The pathogenesis of malaria infection and anemia (Adapted from C.V. Nweneka et al., 2010) [33]. RBC: Red blood cells

Malarial infection begins when sporozoites are inoculated together with anti-coagulant saliva in the course of a blood meal of an infected Anopheles mosquito [16, 35, 36]. Following inoculation of the sporozoites, the parasites travel to the liver in search of a conducive environment in the hepatocyte and successfully replicate in the liver, after which newly formed merozoites are released back in the bloodstream [16, 37]. During the blood stage of the asexual developmental cycle, malaria parasites replicate inside RBCs. As this process continues more RBCs get destroyed and merozoites induce changes in RBC membranes and increase splenic activities hence increase destruction and clearance of parasitized RBCs [38].

Infection with Plasmodium species induce homeostatic imbalance and lower Hb concentration thus resulting in anemia [34]. It has been reported that imbalance of cytokines such as tumor necrosis factor alpha (TNF-α), interleukin-6 (IL-6), IL-10 and interferon gamma (IFN-γ) resulting from malaria related-inflammation can induce changes in iron absorption and distribution (iron delocalization) [39]. Iron delocalization end up in decreasing the release of iron from the reticuloendothelial system as well as increasing uptake of iron from the reticuloendothelial system thus resulting in iron accumulation in tissues/secretions and iron deficiency in blood [39, 40]. Generally, hepcidin, an iron regulatory hormone is a crucial determinant in the relationship between inflammation and anaemia. It is known that pro-inflammatory cytokines secretion is up-regulated by hepcidin from macrophages and hepatocytes which in turn inhibits iron absorption and its release from macrophages by down-regulating the concentration of ferroportin thereby contributing to iron deficiency anaemia through the reduction of RBCs production [41].

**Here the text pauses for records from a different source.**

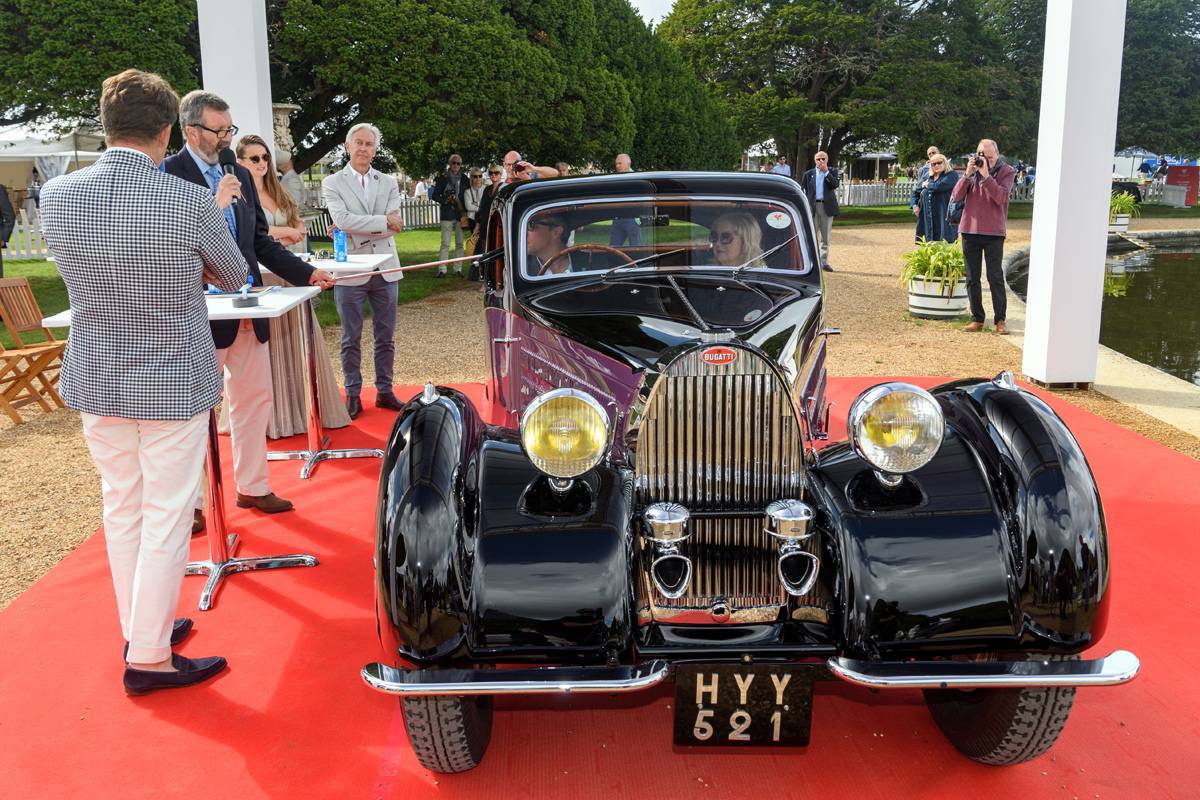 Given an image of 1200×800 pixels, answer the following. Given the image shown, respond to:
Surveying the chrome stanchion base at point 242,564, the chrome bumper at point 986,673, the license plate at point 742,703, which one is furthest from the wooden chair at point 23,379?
the chrome bumper at point 986,673

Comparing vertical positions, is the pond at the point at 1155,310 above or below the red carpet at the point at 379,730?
above

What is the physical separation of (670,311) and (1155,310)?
12.1 m

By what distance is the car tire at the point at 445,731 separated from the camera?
2.44 m

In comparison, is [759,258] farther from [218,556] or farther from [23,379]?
[23,379]

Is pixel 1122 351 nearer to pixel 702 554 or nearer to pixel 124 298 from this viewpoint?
pixel 702 554

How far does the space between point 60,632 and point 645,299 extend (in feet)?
9.32

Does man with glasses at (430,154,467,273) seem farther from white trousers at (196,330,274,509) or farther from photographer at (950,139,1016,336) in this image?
white trousers at (196,330,274,509)

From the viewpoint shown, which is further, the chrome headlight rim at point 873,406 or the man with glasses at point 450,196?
the man with glasses at point 450,196

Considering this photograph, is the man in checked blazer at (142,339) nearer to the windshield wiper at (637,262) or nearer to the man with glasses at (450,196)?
the windshield wiper at (637,262)

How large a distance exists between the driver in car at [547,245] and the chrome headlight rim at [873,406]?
1.77 metres

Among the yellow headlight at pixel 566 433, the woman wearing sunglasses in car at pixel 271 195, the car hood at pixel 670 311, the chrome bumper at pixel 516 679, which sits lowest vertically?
the chrome bumper at pixel 516 679

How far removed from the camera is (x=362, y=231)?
6.39 metres

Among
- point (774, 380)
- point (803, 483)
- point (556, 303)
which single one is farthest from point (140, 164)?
point (803, 483)

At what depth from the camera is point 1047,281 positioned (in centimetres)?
701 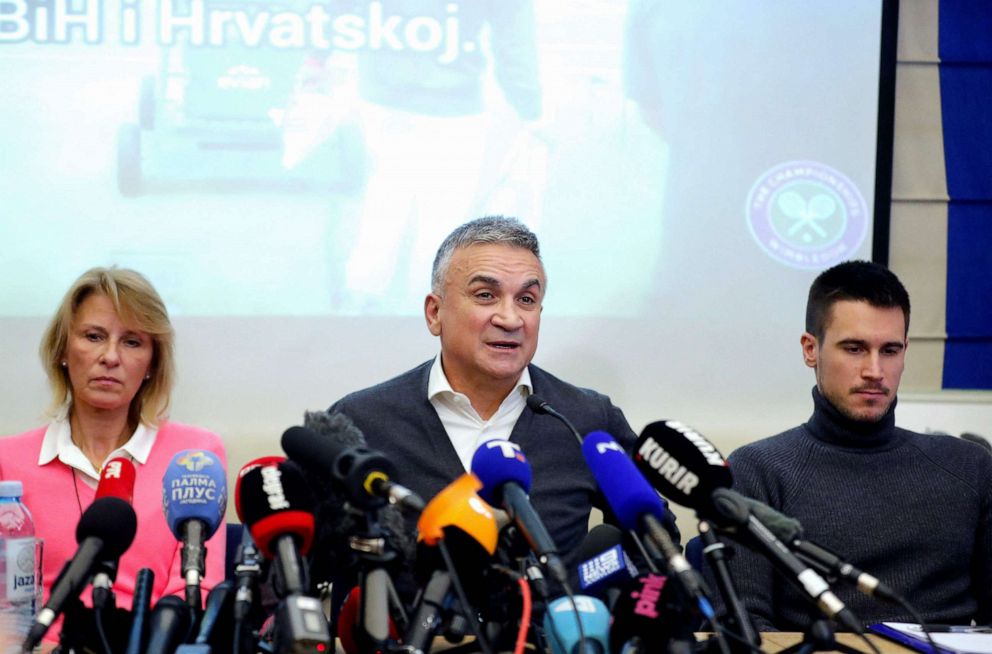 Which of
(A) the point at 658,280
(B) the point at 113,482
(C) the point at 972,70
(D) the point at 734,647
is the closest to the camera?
(D) the point at 734,647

Another pathway by which an altered cytokines balance and inflammation can induce anemia is through bone marrow depression (dyserythropoiesis) and erythrophagocytosis following low IL-10 and IL-12 or excess of T helper cell type 1 (th1), cytokines follicular helper T cells (TFH), TNF- α and nitric acid (NO) [42]. Often times, dyserythropoiesis induces the morphological abnormalities of the erythroid series which include multinuclearity of the normoblasts, intracytoplasmic bridging, karyorrhexis, incomplete and unequal mitotic nuclear divisions in RBCs of the individuals infected with malaria [43,44,45], hence induces erythrophagocytosis of the parasitized and unparasitized RBCs activities. Additionally, the mechanism that leads to reduced production of RBCs may be due to erythroid hypoplasia induced by inflammation [46]. The normal response to erythropoietin is suppressed due to an autologous serum factor. This may further suppress the growth of early precursors of RBCs including the burst forming unit- erythroid (BFU-E) and colony forming-unit erythroid (CFU-E) [47, 48]. Furthermore, another pathway by which malarial infection increases erythrophagocytosis of the parasitized and unparasitized RBCs is through activation of complement and deposition of immune complexes on RBCs by cytotoxic natural killer and natural killer cells [49,50,51]. It has been reported that complement plays a role in the occurrence of anemia in the course of malaria infection by opsonization of unparasitized RBCs with C3 fragments which in turn can lead to phagocytosis of RBCs [52, 53].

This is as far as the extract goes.